The Multi-Random Retrieval Benchmark: Design Philosophy

The MRR benchmark represents a paradigm shift in how we evaluate debugging capabilities. Instead of testing whether AI can find obvious needles, it tests whether AI can do what developers actually do: piece together a complete understanding from fragments scattered across space, time, and abstraction levels.

The core design principles of MRR reflect the realities of production debugging:

Spatial Distribution: In real codebases, debugging information is rarely colocated. A bug might manifest in one module, have its root cause in another, require configuration knowledge from a third, and need test understanding from a fourth. MRR simulates this by randomly distributing relevant information across 10-50 files, ensuring no single file contains enough information to solve the problem.

Temporal Dispersion: Bugs often involve code evolution over time. A seemingly innocent change three months ago might interact badly with a refactoring from last week. MRR incorporates temporal dispersion by spreading relevant information across 3-12 months of commit history, requiring models to understand not just current code but how it evolved.

Obfuscated Dependencies: Real code undergoes constant refactoring.

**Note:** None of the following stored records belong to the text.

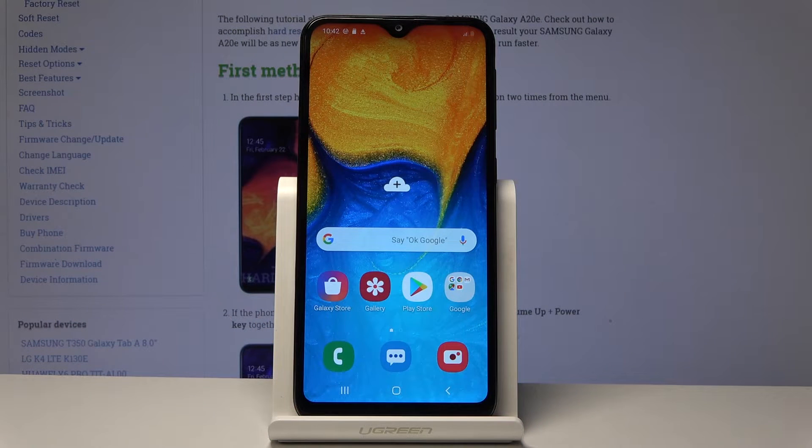Welcome. This is a Samsung Galaxy A20e and today I will show you how to import contacts from SIM to the device.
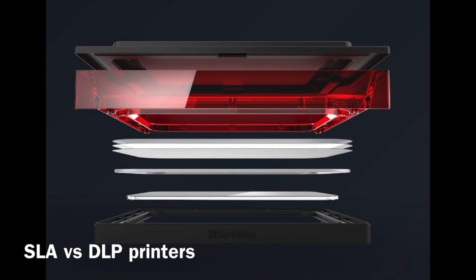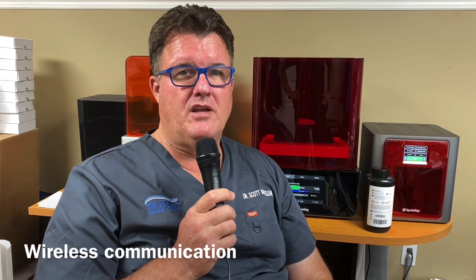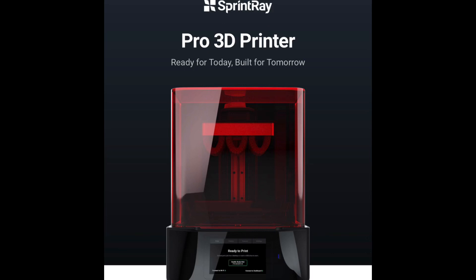When it's printing it's fairly quiet, and it's all wireless. You're on your computer, you design something and push a button to send it to the printer, just like printing a document on your printer at home. Once the product comes out we're going to talk about how this all works to make this easy in your life. Let's check out this Sprintray and see what's happening with it.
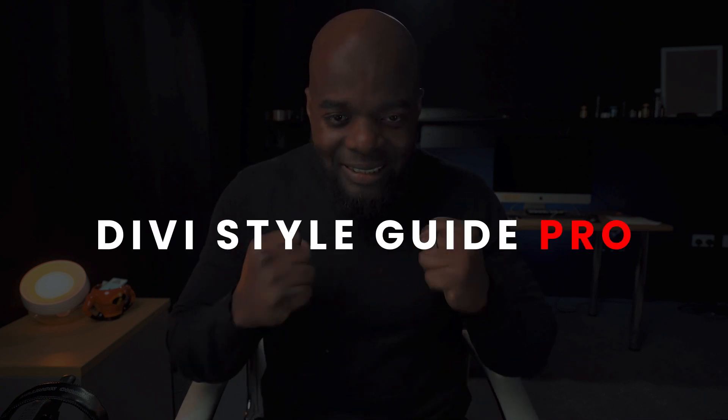Can't wait to design your first website or build your existing Divi website and make it look even more professional? This video is for you. The Divi Style Guide Pro helps you design professional looking websites in no time. Let me show you what I mean.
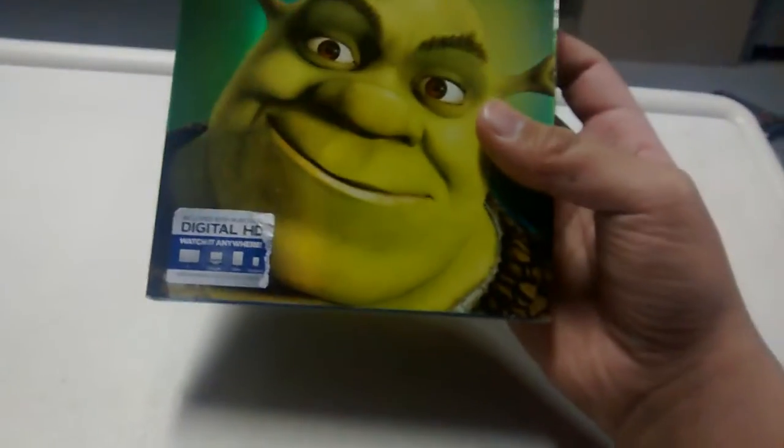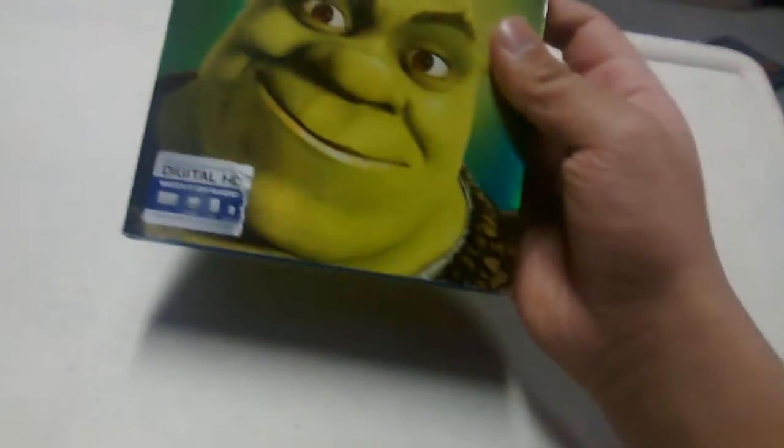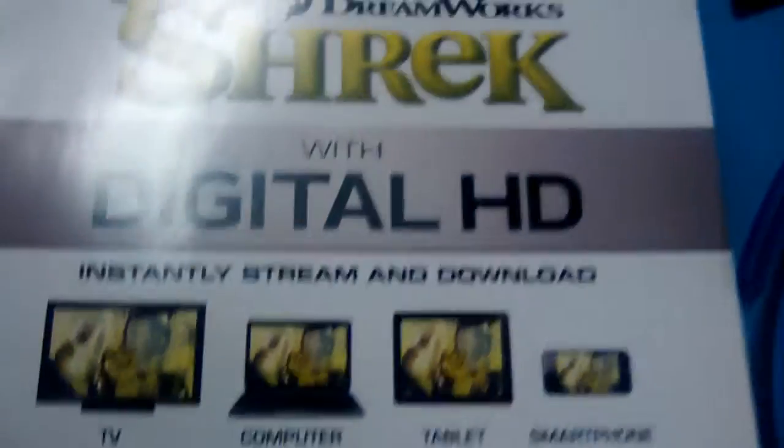You don't really need to see me unbox it, do you? But yeah, I love these Blu-rays now. They just look so awesome. This is Shrek — here's the side, the back. This is a Blu-ray DVD digital HD combo. The reason why I love these so much is because when you remove the slip cover, they've got the original artwork for the covers, so that's really neat. There's that, and then here's the code for Shrek.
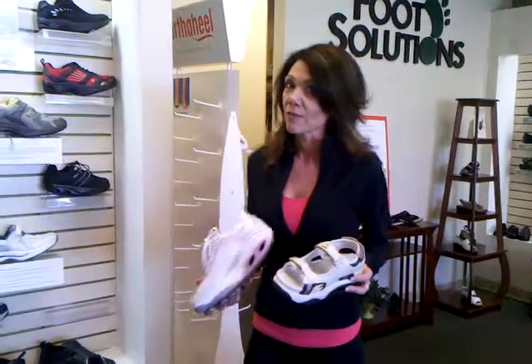Now this shoe isn't for everybody, and we welcome you to come in for a complimentary foot and gait analysis along with a digital scan of your foot, and we'd be happy to meet with you to provide the right solution for you.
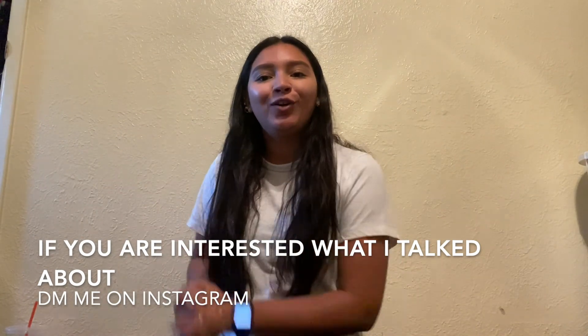Thank you guys so much for watching. I hope you enjoyed today's video. Don't forget to like this video, comment down below what else you would like to see, and don't forget to subscribe. Bye!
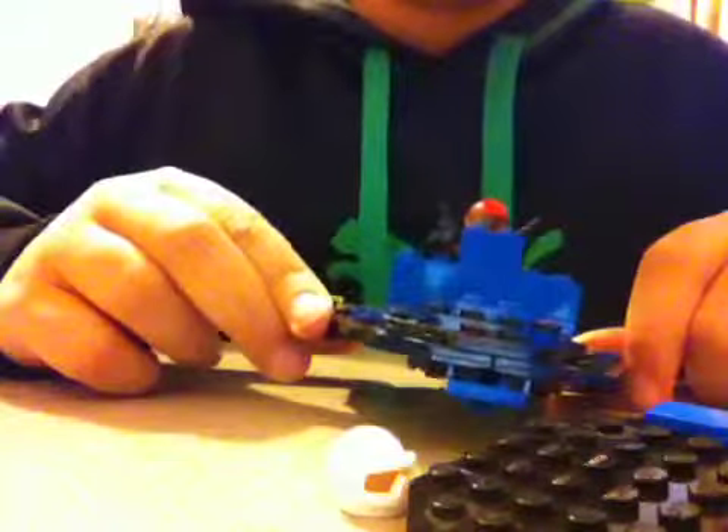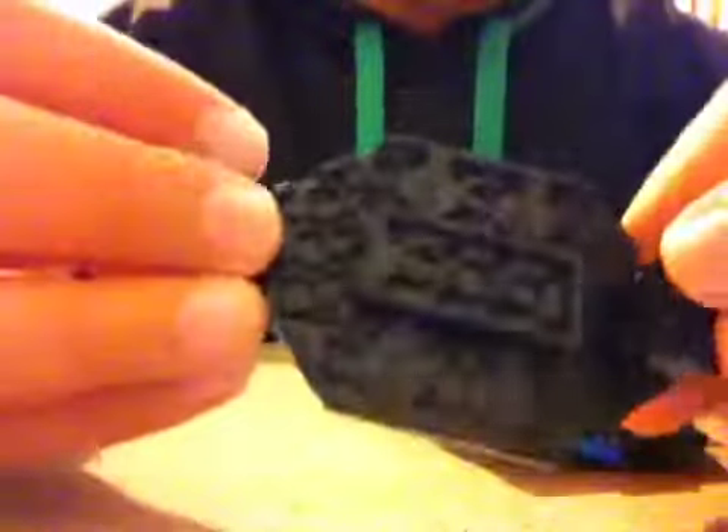What's up guys, this is spaceman721 and today I'm bringing you an update on the LEGO boat. KDM commented on my 'Build a LEGO Starfighter Part Two' and said 'build a boat,' so I automatically thought speedboat — and a surfboard, a very weird surfboard.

Variable names change, functions get renamed, modules are restructured. What was once a clear relationship becomes obscured over time. MRR simulates this through systematic obfuscation of dependencies between bug introduction and discovery.

Multi-Modal Artifacts: Debugging requires more than just reading code. Developers use test results, log files, documentation, commit messages, issue reports, and more. MRR includes all these artifact types, requiring models to synthesize information across different formats and purposes.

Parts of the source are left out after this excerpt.